:: Records supplied ::
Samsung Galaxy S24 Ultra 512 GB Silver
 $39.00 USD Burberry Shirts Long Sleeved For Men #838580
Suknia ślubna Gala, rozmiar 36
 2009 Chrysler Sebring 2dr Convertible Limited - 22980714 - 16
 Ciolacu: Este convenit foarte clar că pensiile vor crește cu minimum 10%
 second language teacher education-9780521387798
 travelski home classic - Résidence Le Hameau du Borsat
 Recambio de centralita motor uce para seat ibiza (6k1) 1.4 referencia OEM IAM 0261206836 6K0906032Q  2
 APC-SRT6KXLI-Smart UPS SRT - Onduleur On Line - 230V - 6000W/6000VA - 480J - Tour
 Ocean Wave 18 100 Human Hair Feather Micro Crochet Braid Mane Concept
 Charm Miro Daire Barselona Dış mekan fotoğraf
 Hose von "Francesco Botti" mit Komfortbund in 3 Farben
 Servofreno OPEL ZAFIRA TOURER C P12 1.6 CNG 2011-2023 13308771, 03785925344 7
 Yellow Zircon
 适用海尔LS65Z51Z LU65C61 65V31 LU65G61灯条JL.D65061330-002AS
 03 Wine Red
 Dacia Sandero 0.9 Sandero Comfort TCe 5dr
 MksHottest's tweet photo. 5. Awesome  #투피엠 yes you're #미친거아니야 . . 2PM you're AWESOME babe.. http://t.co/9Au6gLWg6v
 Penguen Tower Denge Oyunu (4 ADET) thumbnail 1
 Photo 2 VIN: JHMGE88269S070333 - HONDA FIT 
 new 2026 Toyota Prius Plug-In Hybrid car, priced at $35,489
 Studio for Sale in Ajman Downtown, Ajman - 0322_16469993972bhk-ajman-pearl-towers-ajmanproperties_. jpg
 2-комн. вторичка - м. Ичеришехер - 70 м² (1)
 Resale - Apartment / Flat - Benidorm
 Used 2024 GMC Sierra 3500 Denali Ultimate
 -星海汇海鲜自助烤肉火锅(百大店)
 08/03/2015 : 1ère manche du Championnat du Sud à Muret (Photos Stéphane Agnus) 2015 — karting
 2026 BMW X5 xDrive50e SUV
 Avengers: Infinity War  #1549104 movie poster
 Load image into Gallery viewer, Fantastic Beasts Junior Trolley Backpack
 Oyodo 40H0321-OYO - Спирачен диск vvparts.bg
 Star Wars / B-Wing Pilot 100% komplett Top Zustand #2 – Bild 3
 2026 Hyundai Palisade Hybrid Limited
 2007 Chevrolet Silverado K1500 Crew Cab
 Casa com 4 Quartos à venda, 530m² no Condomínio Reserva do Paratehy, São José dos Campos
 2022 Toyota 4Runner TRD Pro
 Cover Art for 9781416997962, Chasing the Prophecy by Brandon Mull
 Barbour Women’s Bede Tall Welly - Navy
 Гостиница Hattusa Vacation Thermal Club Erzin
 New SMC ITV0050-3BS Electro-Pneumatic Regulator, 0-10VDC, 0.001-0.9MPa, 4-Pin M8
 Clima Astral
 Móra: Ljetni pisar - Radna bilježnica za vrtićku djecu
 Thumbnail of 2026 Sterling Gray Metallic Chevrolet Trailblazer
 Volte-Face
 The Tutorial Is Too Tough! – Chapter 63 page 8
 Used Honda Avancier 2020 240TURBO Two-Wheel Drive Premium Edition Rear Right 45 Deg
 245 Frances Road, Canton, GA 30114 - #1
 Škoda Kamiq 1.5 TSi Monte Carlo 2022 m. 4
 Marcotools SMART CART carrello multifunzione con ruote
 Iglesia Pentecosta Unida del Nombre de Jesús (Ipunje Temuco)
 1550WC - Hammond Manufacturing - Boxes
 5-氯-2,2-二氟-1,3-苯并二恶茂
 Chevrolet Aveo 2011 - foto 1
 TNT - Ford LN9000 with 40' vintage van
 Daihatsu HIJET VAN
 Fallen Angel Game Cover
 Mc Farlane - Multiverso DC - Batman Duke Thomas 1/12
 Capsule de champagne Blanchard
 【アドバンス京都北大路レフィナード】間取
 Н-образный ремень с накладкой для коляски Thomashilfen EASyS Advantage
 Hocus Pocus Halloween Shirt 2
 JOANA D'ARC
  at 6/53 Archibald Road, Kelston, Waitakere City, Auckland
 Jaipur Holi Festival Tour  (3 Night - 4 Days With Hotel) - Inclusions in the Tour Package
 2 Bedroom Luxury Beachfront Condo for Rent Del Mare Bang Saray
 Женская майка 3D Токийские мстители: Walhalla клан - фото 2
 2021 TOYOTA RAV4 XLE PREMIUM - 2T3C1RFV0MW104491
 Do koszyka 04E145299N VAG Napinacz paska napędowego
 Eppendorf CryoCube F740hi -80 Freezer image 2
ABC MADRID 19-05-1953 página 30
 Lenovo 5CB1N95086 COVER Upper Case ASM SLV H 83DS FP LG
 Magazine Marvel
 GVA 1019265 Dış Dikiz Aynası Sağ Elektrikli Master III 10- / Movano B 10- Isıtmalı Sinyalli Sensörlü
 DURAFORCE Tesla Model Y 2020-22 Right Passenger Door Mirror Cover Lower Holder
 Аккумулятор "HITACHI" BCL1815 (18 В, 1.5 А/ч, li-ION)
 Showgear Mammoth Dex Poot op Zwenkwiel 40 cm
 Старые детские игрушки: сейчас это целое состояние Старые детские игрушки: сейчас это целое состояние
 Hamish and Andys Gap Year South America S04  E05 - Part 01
:::
**Task brief**. Each of the entries above needs to be given again exactly.

**Task output**.
Samsung Galaxy S24 Ultra 512 GB Silver
 $39.00 USD Burberry Shirts Long Sleeved For Men #838580
Suknia ślubna Gala, rozmiar 36
 2009 Chrysler Sebring 2dr Convertible Limited - 22980714 - 16
 Ciolacu: Este convenit foarte clar că pensiile vor crește cu minimum 10%
 second language teacher education-9780521387798
 travelski home classic - Résidence Le Hameau du Borsat
 Recambio de centralita motor uce para seat ibiza (6k1) 1.4 referencia OEM IAM 0261206836 6K0906032Q  2
 APC-SRT6KXLI-Smart UPS SRT - Onduleur On Line - 230V - 6000W/6000VA - 480J - Tour
 Ocean Wave 18 100 Human Hair Feather Micro Crochet Braid Mane Concept
 Charm Miro Daire Barselona Dış mekan fotoğraf
 Hose von "Francesco Botti" mit Komfortbund in 3 Farben
 Servofreno OPEL ZAFIRA TOURER C P12 1.6 CNG 2011-2023 13308771, 03785925344 7
 Yellow Zircon
 适用海尔LS65Z51Z LU65C61 65V31 LU65G61灯条JL.D65061330-002AS
 03 Wine Red
 Dacia Sandero 0.9 Sandero Comfort TCe 5dr
 MksHottest's tweet photo. 5. Awesome  #투피엠 yes you're #미친거아니야 . . 2PM you're AWESOME babe.. http://t.co/9Au6gLWg6v
 Penguen Tower Denge Oyunu (4 ADET) thumbnail 1
 Photo 2 VIN: JHMGE88269S070333 - HONDA FIT 
 new 2026 Toyota Prius Plug-In Hybrid car, priced at $35,489
 Studio for Sale in Ajman Downtown, Ajman - 0322_16469993972bhk-ajman-pearl-towers-ajmanproperties_. jpg
 2-комн. вторичка - м. Ичеришехер - 70 м² (1)
 Resale - Apartment / Flat - Benidorm
 Used 2024 GMC Sierra 3500 Denali Ultimate
 -星海汇海鲜自助烤肉火锅(百大店)
 08/03/2015 : 1ère manche du Championnat du Sud à Muret (Photos Stéphane Agnus) 2015 — karting
 2026 BMW X5 xDrive50e SUV
 Avengers: Infinity War  #1549104 movie poster
 Load image into Gallery viewer, Fantastic Beasts Junior Trolley Backpack
 Oyodo 40H0321-OYO - Спирачен диск vvparts.bg
 Star Wars / B-Wing Pilot 100% komplett Top Zustand #2 – Bild 3
 2026 Hyundai Palisade Hybrid Limited
 2007 Chevrolet Silverado K1500 Crew Cab
 Casa com 4 Quartos à venda, 530m² no Condomínio Reserva do Paratehy, São José dos Campos
 2022 Toyota 4Runner TRD Pro
 Cover Art for 9781416997962, Chasing the Prophecy by Brandon Mull
 Barbour Women’s Bede Tall Welly - Navy
 Гостиница Hattusa Vacation Thermal Club Erzin
 New SMC ITV0050-3BS Electro-Pneumatic Regulator, 0-10VDC, 0.001-0.9MPa, 4-Pin M8
 Clima Astral
 Móra: Ljetni pisar - Radna bilježnica za vrtićku djecu
 Thumbnail of 2026 Sterling Gray Metallic Chevrolet Trailblazer
 Volte-Face
 The Tutorial Is Too Tough! – Chapter 63 page 8
 Used Honda Avancier 2020 240TURBO Two-Wheel Drive Premium Edition Rear Right 45 Deg
 245 Frances Road, Canton, GA 30114 - #1
 Škoda Kamiq 1.5 TSi Monte Carlo 2022 m. 4
 Marcotools SMART CART carrello multifunzione con ruote
 Iglesia Pentecosta Unida del Nombre de Jesús (Ipunje Temuco)
 1550WC - Hammond Manufacturing - Boxes
 5-氯-2,2-二氟-1,3-苯并二恶茂
 Chevrolet Aveo 2011 - foto 1
 TNT - Ford LN9000 with 40' vintage van
 Daihatsu HIJET VAN
 Fallen Angel Game Cover
 Mc Farlane - Multiverso DC - Batman Duke Thomas 1/12
 Capsule de champagne Blanchard
 【アドバンス京都北大路レフィナード】間取
 Н-образный ремень с накладкой для коляски Thomashilfen EASyS Advantage
 Hocus Pocus Halloween Shirt 2
 JOANA D'ARC
  at 6/53 Archibald Road, Kelston, Waitakere City, Auckland
 Jaipur Holi Festival Tour  (3 Night - 4 Days With Hotel) - Inclusions in the Tour Package
 2 Bedroom Luxury Beachfront Condo for Rent Del Mare Bang Saray
 Женская майка 3D Токийские мстители: Walhalla клан - фото 2
 2021 TOYOTA RAV4 XLE PREMIUM - 2T3C1RFV0MW104491
 Do koszyka 04E145299N VAG Napinacz paska napędowego
 Eppendorf CryoCube F740hi -80 Freezer image 2
ABC MADRID 19-05-1953 página 30
 Lenovo 5CB1N95086 COVER Upper Case ASM SLV H 83DS FP LG
 Magazine Marvel
 GVA 1019265 Dış Dikiz Aynası Sağ Elektrikli Master III 10- / Movano B 10- Isıtmalı Sinyalli Sensörlü
 DURAFORCE Tesla Model Y 2020-22 Right Passenger Door Mirror Cover Lower Holder
 Аккумулятор "HITACHI" BCL1815 (18 В, 1.5 А/ч, li-ION)
 Showgear Mammoth Dex Poot op Zwenkwiel 40 cm
 Старые детские игрушки: сейчас это целое состояние Старые детские игрушки: сейчас это целое состояние
 Hamish and Andys Gap Year South America S04  E05 - Part 01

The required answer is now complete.